Hacker News

Kayou 15 hours ago [ - ]

Wait, the Q4 quantization which is more than 20GB fits in your 16GB GPU ? I didn't know that was possible, I was always restricting myself to smaller model than the VRAM I had

Maxious 14 hours ago [ - ]

Yep. These Mixture of Experts models are well suited for paging in only the relevant data for a certain task https://huggingface.co/blog/moe

There's some experiments of just removing or merging experts post training to shrink models even more https://bknyaz.github.io/blog/2026/moe/

vlovich123 7 hours ago [ - ]

MoE is not suited for paging because it’s essentially a random expert per token. It only improves throughput because you reduce the memory bandwidth requirements for generating a token since 1/n of the weights are accessed per token (but a different 1/n on each loop).

Now shrinking them sure, but I’ve seen nothing that indicates you can just page weights in and out without cratering your performance like you would with a non MoE model

FuckButtons 6 hours ago [ - ]

Not entirely true, it’s random access within the relevant subset of experts and since concepts are clustered you actually have a much higher probability of repeatedly accessing the same subset of experts more frequently.

bee_rider 9 hours ago [ - ]

That blog post was super interesting. It is neat that he can select experts and control the routing in the model—not having played with the models in detail, tended to assume the “mixing” in mixture of experts was more like a blender, haha. The models are still quite lumpy I guess!

segmondy 15 hours ago [ - ]

llama.cpp is designed for partial offloading, the most important part of the model will be loaded into the GPU and the rest on system ram. I run 500B+ models such as DeepSeek/KimiK2.5/GLM-5 without having that much GPU vram.
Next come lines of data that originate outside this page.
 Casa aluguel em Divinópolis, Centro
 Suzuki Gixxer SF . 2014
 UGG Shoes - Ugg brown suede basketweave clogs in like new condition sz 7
Koffiepoeder 13 hours ago [ - ]

The A3B part in the name stands for `Active 3B`, so for the inference jobs a core 3B is used in conjunction with another subpart of the model, based on the task (MoE, mixture of experts). If you use these models mostly for related/similar tasks, that means you can make do with a lot less than the 35B params in active RAM. These models are therefore also sometimes called sparse models.

nurettin 13 hours ago [ - ]

This is why they say "A3B" meaning only 3B is active at a time, limiting VRAM usage.